Next, for each segment, two UX researchers independently reviewed the corresponding verbalizations and assigned it a verbalization category label using Cooke’s five-category scheme (Cooke, 2010) as explained in Sec 2.3. This scheme was widely adopted by prior studies (Elling et al., 2012; Fan et al., 2019; Hertzum et al., 2015; Fan et al., 2021). The five verbalization categories were: Procedure, Reading, Observation, Explanation, and Others. Table 4 shows the categories, their definitions, and examples from our participants’ think-aloud verbalizations.

Table 4. Verbalization categories, definitions and examples from the study.

Categories	Definitions	Examples
Procedure	Describe their current or future actions	”I’ll start with sports and lifestyle.” ”Where should I go?”
Reading	Read any information (e.g., link labels, phrases, or sentences) from the test product	”The all-in-one toolkit for working remotely.”
Observation	Make an observation or a remark about the test product or themselves (e.g., comments, feelings)	”Looks like it’s selling everything under the sun.” ”So I think that makes it a little bit more overwhelming.”
Explanation	Explain their behaviors on the test product	”I think underwater was probably a bad term, maybe I had to search for waterproof.”
Others	Verbalizations that do not fit in the above four categories: task-related (e.g., read task descriptions or ask questions about tasks); verbal fillers (e.g, Um, Ah, alright)	”I want to buy a smartwatch to track my swimming exercise [task].” (note that this participant was paragraphing the task) ”Alright.” ”Let’s see.”

After each researcher finished assigning category labels for each segment independently, they reviewed their category labels together to gain a consensus on the labels. If there was a disagreement, they explained their rationales for their labels, discussed with each other, and consolidated the category labels.
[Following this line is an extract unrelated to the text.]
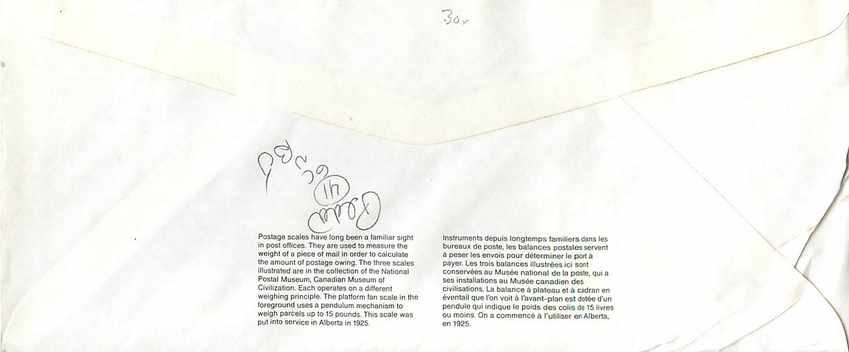 Entier Postal Postal Stationary Canada Balance Dayton   — Rückseite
4.2. Identifying UX Problems

For each verbalization segment, two UX researchers followed the same procedure of assigning verbalization category labels in Sec 4.1 to determine whether the user encountered a problem and to assign a binary problem label (0: no problem; 1: problem). Each segment with a problem label “1” represents “a moment in which a user encountered a problem” and was referred to as a “problem encounter.” Because different “problem encounters” might be caused by the same underlying UX problem, two UX researchers further reviewed these “problem encounters” and combined the problem encounters caused by the same underlying problem, which was referred to as an “actual problem”. As a result, the number of “actual problems” would be less or equal than the number of “problem encounters.”

Furthermore, two researchers followed the same procedure to assess the severity of each “actual problem” using Nielsen’s guidelines (Nielsen, 1994a). The definitions of the five severity levels are as follows: level 0 means “no usability problem”; level 1 means “cosmetic problem”; level 2 means “minor usability problem that should be given low priority”; level 3 means “major usability problem that should be given high priority”; level 4 means “usability catastrophe that imperative to fix before product can be released” (Nielsen, 1994a).

5. Results

5.1. Verbalization Categories

Table 5. Number (percentage) of verbalization segments in each verbalization category for each language group.

Category	Native	Non-native
Observation	752 (34.2%)	758 (33.5%)
Procedure	619 (28.1%)	793 (35.0%)
Others	434 (19.7%)	336 (14.8%)
Reading	286 (13.0%)	207 (9.1%)
Explanation	111 (5.0%)	172 (7.6%)
Total	2202 (100.0%)	2266 (100.0%)

5.1.1. Verbalization Categories grouped by Language Groups

Table 5 shows the number and percentage of segments in each verbalization category for native and non-native English speaking participants. Results suggest that the general trends for the two language groups were similar. Specifically, two most frequently verbalized categories (i.e., Procedure and Observation) and three least frequently verbalized categories (i.e., Others, Reading, and Explanation) were the same for both native and non-native English speaking participants.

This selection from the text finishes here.